Krista and I slept in well past our alarms, knowing that getting up meant saying goodbye. Goodbye for nearly a month, but it felt like longer. It felt like forever. And it felt like we were heading toward something permanent as I drove us out to Panther Creek, counting down the miles, taking things too slowly, not at all ready to go.
The PCT crosses Panther Creek Road so inconspicuously that at first we drove right by it. But eventually we did find it, and said a hurried goodbye: we’d promised beforehand not to linger, as that would probably just make things worse. So I trundled down the trail to the Panther Creek crossing, everything in my bag triple checked but still feeling totally unprepared.
Krista and I have always hiked together, and it just feels weird to be alone, essentially for the first time. It felt wrong climbing up the gentle switchbacks this morning up Big Huckleberry Mountain.

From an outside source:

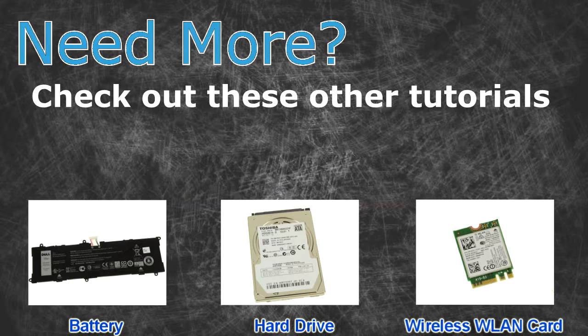Need more? Check out these other tutorials. For batteries, click here. For wireless cards, click here.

I kept thinking about how, for me, so much of the joy of being out is ultimately about being with people I love: Krista, my dad, my friends.
I’m really scared.
As the trail climbed, views opened to the south, at Mt. Defiance and friends, the gorge, a bashful Mt. Hood behind a wash of clouds. The home team. Near the top of Big Huckleberry I stood for a while and stared, thinking of familiar trails. Maybe I should just turn around.

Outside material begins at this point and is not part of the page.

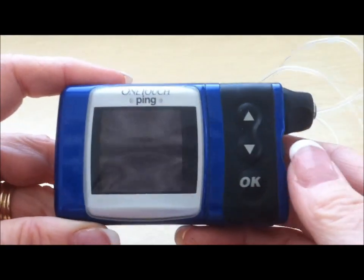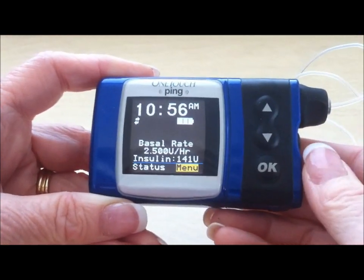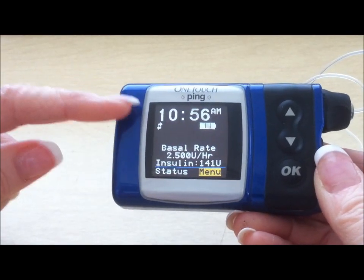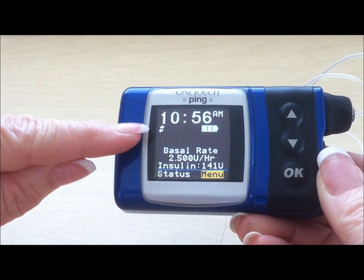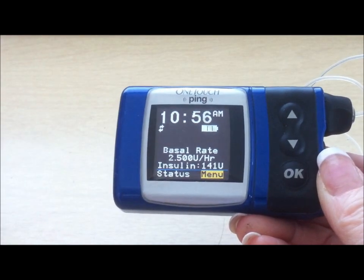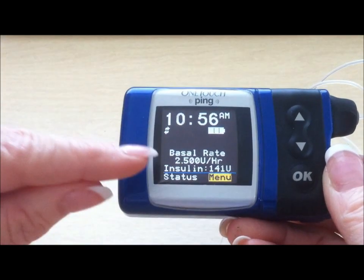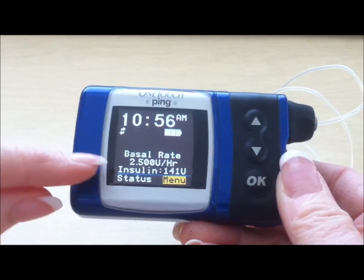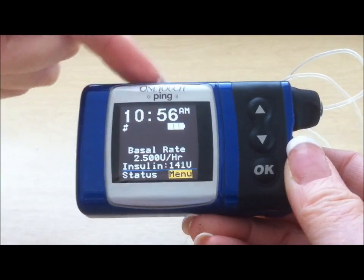To operate, to open up the pump or to wake it up, touch any button. You wake up the pump. The pump will display the time, the battery power. The back and forth arrow means that it is linked with a meter, which is not something that we're going to be using at camp. The current basal rate is 2.5 units per hour, and there's 141 units left in the reservoir of the pump.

There were meadows on top, full of fragrant flowers, damp from showers last night but warmed by the today’s cautious sun. The podcast I was listening to ended and for some reason I started crying—I guess something to do with the end of familiar things.
From Big Huckleberry, the trail descended through open forest past a few saddles down to the tip of Big Lava Bed, where I’m sitting now: at a piped spring at the base of Summit 4170, the only reliable water between Panther Creek and Indian Heaven. I filtered a few liters when I first got here, made a hot lunch—freeze dried curry, like we brought on the JMT—and started to write. Writing feels good: somehow less lonely, like I’m talking to someone. I keep whispering the words just before I write them down.

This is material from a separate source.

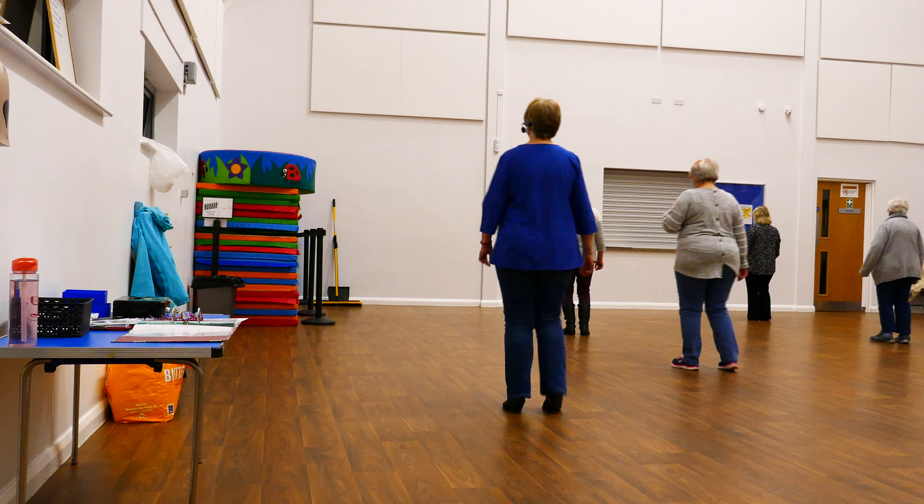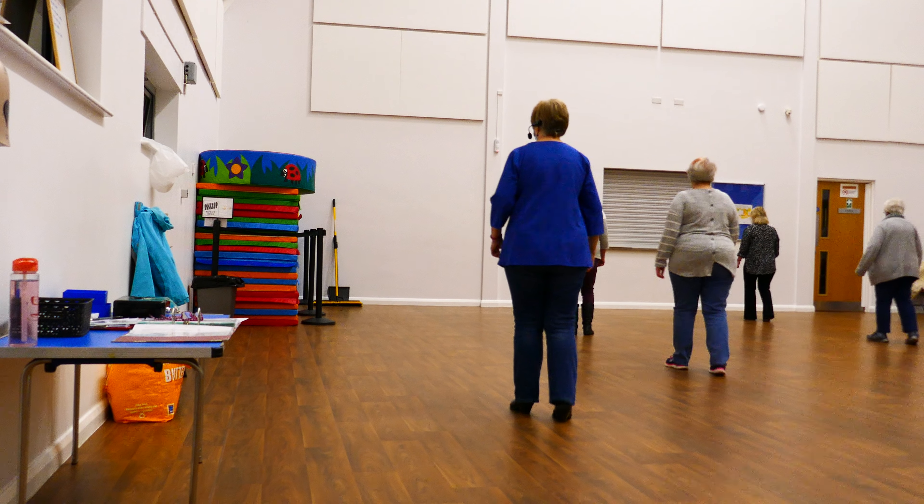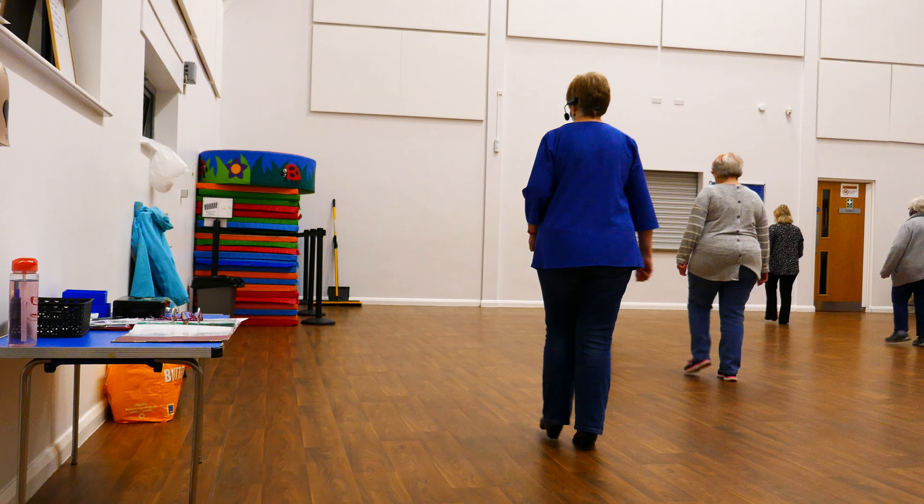Paddle, paddle, right cross, back, side together, right heel, left heel, heel hook, heel together, left heel, hook, heel together.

10 PM, wide spot in the trail under Gifford Peak, Indian Heaven Wilderness (Mile 2202)
Well, I’d been meaning to make it to Blue Lake today, and fell just a mile or so short, but oh well. I’ve got enough water for tonight, and twenty or whatever miles isn’t so bad for Day 1.
From the spring, the trail got dusty and horsey as it traced the sunny west side of Big Lava Flow. Then to a broad Forest Service Road and the Crest Horse Campground—more an unceremonious collection of picnic tables—which marks a southern entrance to Indian Heaven. From the road, the trail climbed gently northward, through open forest, blooming meadows, and small mosquito ponds, one of which has somewhat ambitiously been named “Sheep Lake.” One wonders how they distinguish between ponds and lakes. It seems like who gets to be a lake and who has to remain an unnamed pond is one of those things in life left to the arbitrary whims of history. Maybe some nineteenth century cartographer was in an expansive mood…
After passing Green Lake, a similarly unremarkable pond, the trail began to climb through open fields of flowers up the southern flank of Berry Mountain. It really was beautiful, if also very very buggy. But deet helped, and from near the top, I could just make out Adams and Hood, out to wish me a good night.
So now I’m here, on a broad saddle just southeast of Gifford Peak. It’s not exactly a campsite, but there’s a clearing big enough for my little tent, and a chair-shaped rock, where I just sat watching the sun set on some coming clouds, thinking about what it’s going to be like to have twenty-five more days like today. And thinking of home.